Princess Sundarī Nandā of Shakya, also known simply as Sundarī, was the daughter of King Suddhodana and Queen Mahapajapati Gotami. She was the half-sister of Siddhartha Gautama, who later became a Buddha. She became a nun after the enlightenment of her half-brother and became an arhat. She was the foremost among bhikkhunis in the practice of jhana (total meditative absorption). She lived during the 6th century BCE in what is now Bihar and Uttar Pradesh in India.

==Early years==
When she was born, Princess Nandā was lovingly welcomed by her parents: Her father was King Śuddhodana, also the father of Siddhartha; her mother was Mahaprajapati. Mahaprajapati was the second wife of Suddhodana and the younger sister of his first wife, the late Queen Maya. Nanda's name means joy, contentment, pleasure, and was named as her parents were especially joyous about the arrival of a newborn baby. Nanda was known in her childhood for being extremely well-bred, graceful and beautiful. To disambiguate her from Sakyans by the same name, she was also known as "Rupa-Nanda," "one of delightful form," sometimes "Sundari-Nanda," "beautiful Nanda." Since Her beauty sparkled day by day she was later named as "Janapada Kalyani".
Over time, many members of her family, the family of the Sakyans of Kapilavastu, left the worldly life for the ascetic life, inspired by the enlightenment of their Crown Prince Siddhartha. Amongst them was her brother Nanda, and her cousins Anuruddha and Ananda, who were two of the Buddha's five leading disciples.
According to therigatha she was to get married with her own brother Nanda but before their wedding he had to enter into monastic life.

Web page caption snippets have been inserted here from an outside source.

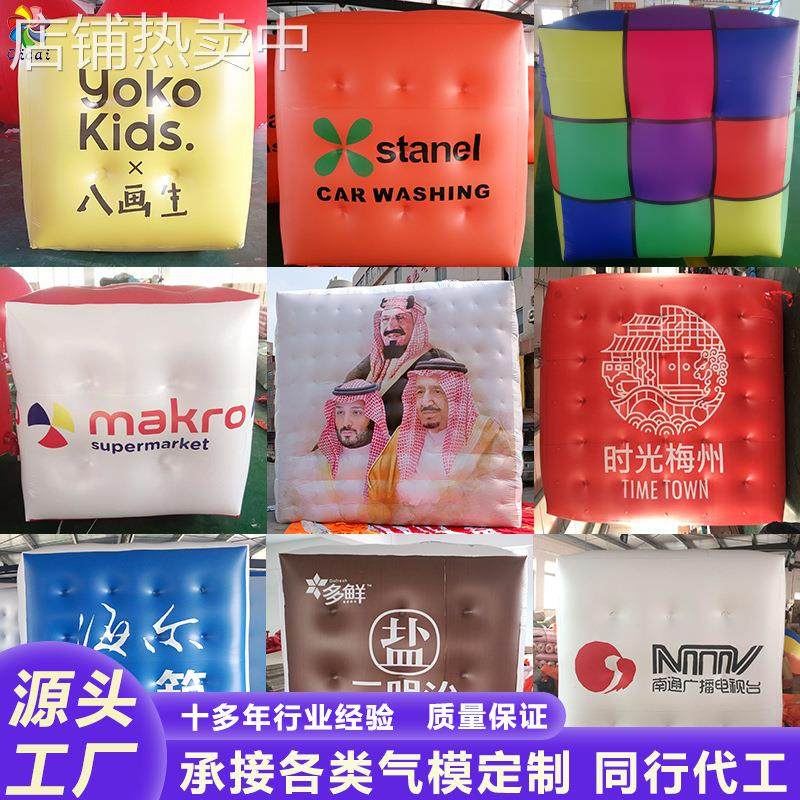 充气飘空方形方块魔方PVC闭气气球节日商场活动广告宣传美陈气模
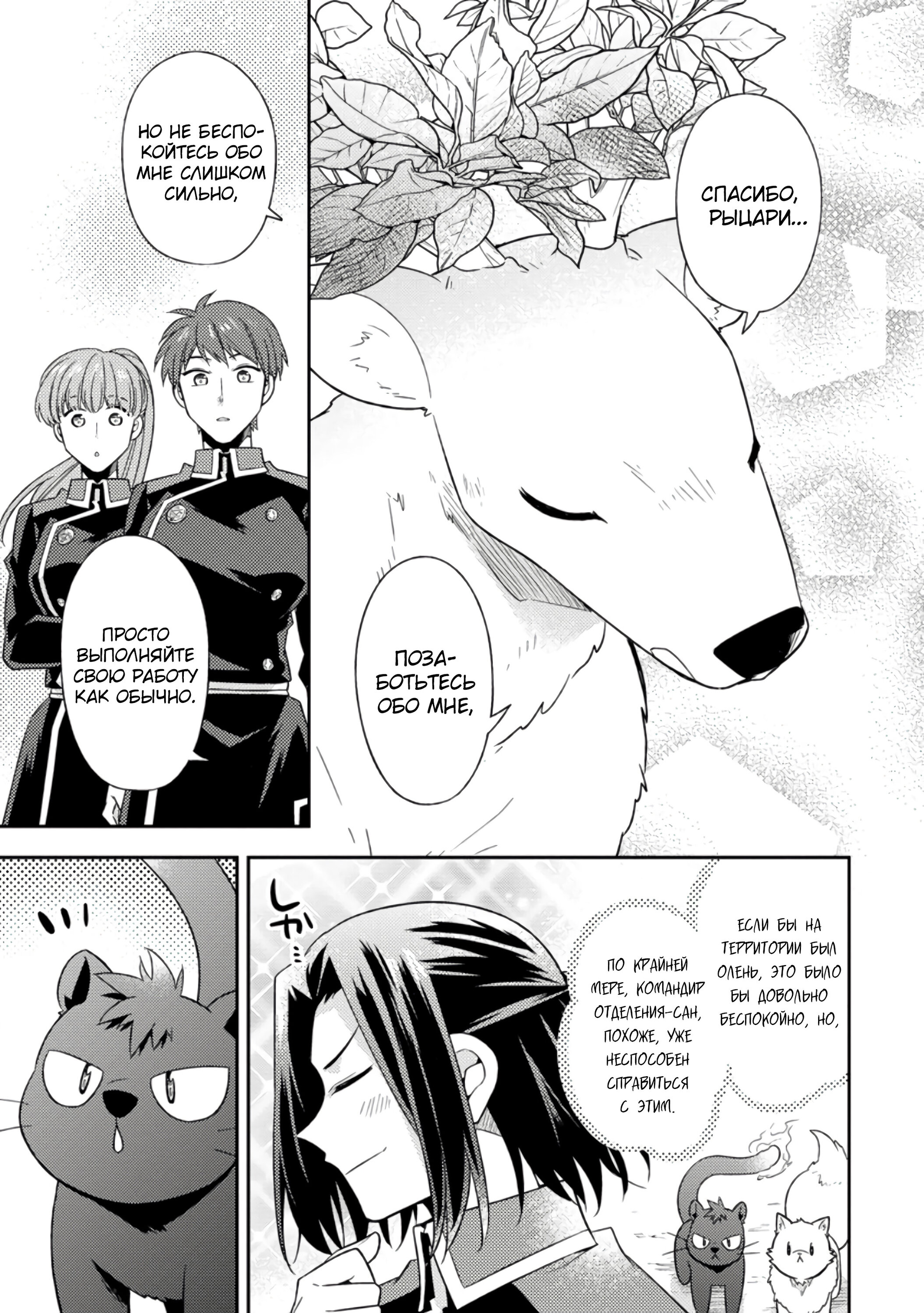 Read В северном форте Manga Online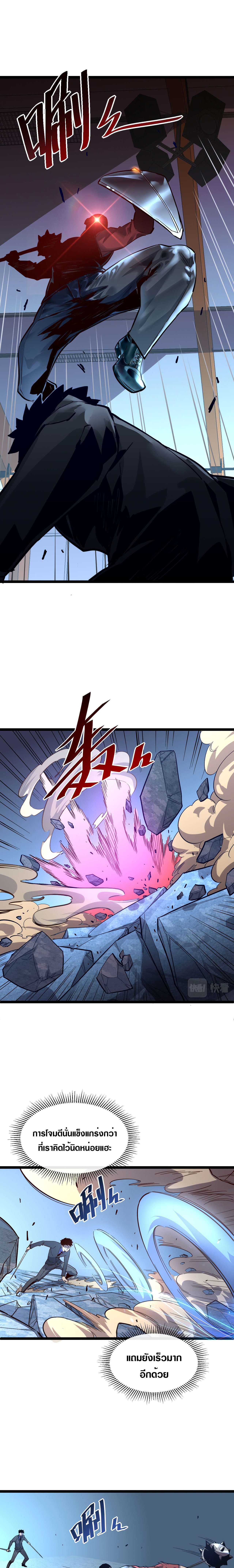 Rise From The Rubble |  เศษซากวันสิ้นโลก ตอนที่ 37 หน้า 9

Her mother, was the first Buddhist nun, having asked the Buddha to allow women into the sangha. As a result of this, many other royal Sakyan ladies, including Princess Yasodharā, the wife of Siddhartha became Buddhist monastics. Thereupon, Nanda also renounced the world, but it was recorded that she did not do it out of confidence in the Buddha and the dharma, but out of blood love for her relatives and a feeling of belonging.

==Renunciation==
It soon became obvious that Nanda was not fully focused on her life as a nun. Nanda's thoughts were mainly directed centred on her own beauty and her popularity with the people, characteristics which were the karma of meritorious actions in past lives. These karmic traits became impediments to Nanda, since she neglected to reinforce them with new actions. She felt guilty that she was not fulfilling the lofty expectations that others had of her, and that she was far from the objective for which so many of the Sakyan royal family had renounced their worldly life. She was certain that the Buddha would censure her, so she evaded him for a long time.

==Enlightenment==
One day, the Buddha requested all the bhikkhunis to come to him individually, to receive his teaching, but Nanda did not obey. The Buddha let her be called explicitly, and then she presented herself, in an ashamed and anxious demeanour. The Buddha addressed her and appealed to all of her positive qualities so that Nanda willingly listened to him and delighted in his words. He knew that the conversation had raised her spirits and had made her joyful and ready to accept his teaching. Since Nanda was so preoccupied with her physical beauty, the Buddha used his psychic powers to conjure the vision of a woman more beautiful than Nanda, who then aged quickly and visibly in front of her own eyes. As a result, Nanda could see, in a short time span, what could otherwise only be noticed in humans in a time span of decades: the recession of youth and beauty, the decay, the appearance of aging, such as wrinkles and gray hair. This vision affected Nanda deeply; she was shaken to the core.
After having shown Nanda this confronting image, the Buddha could explain the law of impermanence to her in such a manner that she grasped its truth completely, and thereby attained the supreme bliss of nibbana.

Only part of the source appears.